Robert BRZOZOWSKI, Respondent, v. ALLSTATE INSURANCE COMPANY, Appellant, Allbest Insurance Agency AIA Assoc., Defendant Third-Party Plaintiff, Mario Mosteirin & Bender Insurance Agency, Third-Party Defendant.
In an action, inter alia, to recover damages for breach of an insurance policy, the defendant Allstate Insurance Company appeals, as limited by its brief, from so much of an order of the Supreme Court, Queens County (Posner, J.), dated September 10, 2001, as denied its motion for summary judgment dismissing the complaint insofar as asserted against it.
ORDERED that the order is affirmed insofar as appealed from, with costs.

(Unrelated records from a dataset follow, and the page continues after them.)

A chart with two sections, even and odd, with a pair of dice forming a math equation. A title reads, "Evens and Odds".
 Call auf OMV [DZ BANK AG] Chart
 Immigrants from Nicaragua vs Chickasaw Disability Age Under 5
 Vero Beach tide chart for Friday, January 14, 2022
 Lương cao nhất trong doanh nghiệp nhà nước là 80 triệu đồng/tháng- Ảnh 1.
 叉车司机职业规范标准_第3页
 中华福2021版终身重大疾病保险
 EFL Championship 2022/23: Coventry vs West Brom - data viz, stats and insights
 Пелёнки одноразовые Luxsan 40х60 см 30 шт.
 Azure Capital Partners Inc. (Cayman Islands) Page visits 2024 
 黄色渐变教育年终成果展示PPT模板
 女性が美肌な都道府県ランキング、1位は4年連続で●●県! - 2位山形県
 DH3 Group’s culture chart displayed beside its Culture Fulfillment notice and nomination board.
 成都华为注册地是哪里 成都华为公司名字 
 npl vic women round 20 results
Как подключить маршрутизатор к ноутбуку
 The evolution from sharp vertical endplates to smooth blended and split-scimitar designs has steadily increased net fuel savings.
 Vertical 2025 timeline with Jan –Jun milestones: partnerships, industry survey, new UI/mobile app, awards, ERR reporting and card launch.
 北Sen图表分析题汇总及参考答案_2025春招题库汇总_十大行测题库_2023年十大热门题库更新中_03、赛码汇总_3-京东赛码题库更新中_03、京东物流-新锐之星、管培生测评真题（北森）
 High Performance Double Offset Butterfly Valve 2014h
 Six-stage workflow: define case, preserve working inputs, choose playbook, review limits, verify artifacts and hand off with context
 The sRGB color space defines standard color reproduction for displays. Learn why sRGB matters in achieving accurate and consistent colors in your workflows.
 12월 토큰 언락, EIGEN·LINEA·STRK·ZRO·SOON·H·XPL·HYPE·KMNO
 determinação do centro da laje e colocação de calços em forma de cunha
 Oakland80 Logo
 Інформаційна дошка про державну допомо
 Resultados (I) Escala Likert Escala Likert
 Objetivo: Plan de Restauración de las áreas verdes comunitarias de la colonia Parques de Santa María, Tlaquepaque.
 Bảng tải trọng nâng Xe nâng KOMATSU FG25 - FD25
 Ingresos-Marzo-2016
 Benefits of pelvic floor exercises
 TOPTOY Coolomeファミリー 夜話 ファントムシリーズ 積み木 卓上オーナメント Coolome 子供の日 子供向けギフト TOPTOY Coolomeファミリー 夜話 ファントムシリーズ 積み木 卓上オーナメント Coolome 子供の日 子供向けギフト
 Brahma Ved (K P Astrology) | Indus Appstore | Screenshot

The plaintiff leased a vehicle and obtained automobile insurance, including theft coverage, from the appellant. The vehicle was allegedly stolen, but the appellant disclaimed coverage on grounds which are not relevant to this appeal. The plaintiff then commenced this action, among other things, to recover on the policy. The vehicle was ultimately recovered nearly two years after the alleged theft. The appellant subsequently moved for summary judgment dismissing the complaint insofar as asserted against it, contending that it had no liability under the terms of the policy because the vehicle was recovered with minimal damage.
The Supreme Court properly concluded that the appellant did not establish its entitlement to judgment as a matter of law. If it is ultimately determined that the appellant breached the contract of insurance by improperly disclaiming coverage, the appellant may be liable under the policy for the plaintiff's loss because the vehicle was not recovered within a reasonable time after the alleged theft (see Oppenheimer v. Baker & Williams, 225 App.Div. 58, 60, 232 N.Y.S. 5). Consequently, the appellant's motion was properly denied.